Mohar Ali was arrested a month ago after he opened a small museum in his house in a hamlet in Goalpara district in the north-eastern Indian state of Assam. The museum, he said, was dedicated to the culture of ‘Miyas’ – Bengali-speaking Muslims in the state.
Mr Ali, who is the leader of a local political party, spent around 7,000 rupees ($86; £71) to set up the place, which mainly displayed some agricultural tools and garments.
But two days later, local authorities shut the museum down. They also sealed Mr Ali’s home, alleging that he had wrongly used the house – which was allotted to him under a government scheme – for commercial purposes.
The police also arrested Mr Ali and two others who had helped set up the museum.
They have said that the case against them was not connected to the museum and was instead due to their alleged links to two terror groups. The three men, who have been charged under a draconian anti-terrorism law that makes it almost impossible to get bail, have denied the accusation.
“What exactly is his crime?” Mr Ali’s mother asks, her eyes welling up.
Critics say the arrests are the latest in a long line of attempts to marginalise the community in Assam, a complex and multi-ethnic state where linguistic identity and citizenship are the biggest political fault lines.
The state – residents include Bengali and Assamese-speaking Hindus, a medley of tribespeople and Muslims – has seen an anti-immigration movement against “outsiders” from neighbouring Bangladesh for decades. Bengali-speaking Muslims, in particular, have often been accused of being undocumented immigrants.
Since coming to power in 2016, the governing Bharatiya Janata Party (BJP) has rallied its vote base of Hindus and tribal communities by announcing policies that critics say are discriminatory towards Muslims. Several politicians, including current chief minister Himanta Biswa Sarma, have also targeted them in speeches.
After returning to power in 2021, the BJP government forcibly evicted thousands of people in a controversial drive against illegal encroachments – most of those affected were Bengali-speaking Muslims.
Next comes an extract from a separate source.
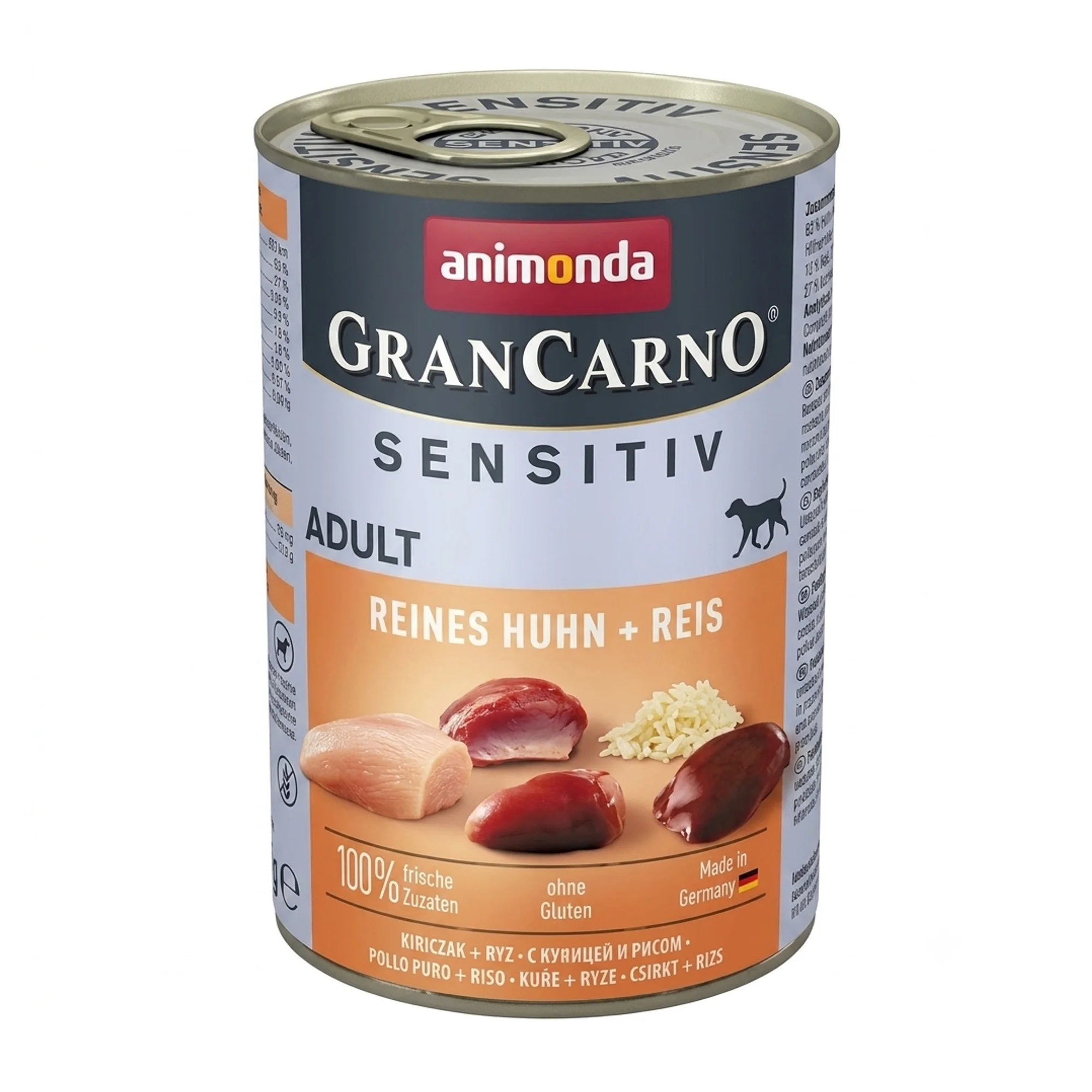 Animonda GranCarno Sensitive Tavuklu ve Pirinçli Yetişkin Köpek Konservesi 400 G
Earlier this year, the government also approved the classification of five Muslim groups as “indigenous Assamese” communities, raising fears of further marginalisation of others.
“Muslims of Bengali origin have become a soft target of politics,” says Dr Hafiz Ahmed, a scholar who works with the community.
“The idea is to show to the majority [population] that Miya people are not a part of the Assamese society – they are enemies.”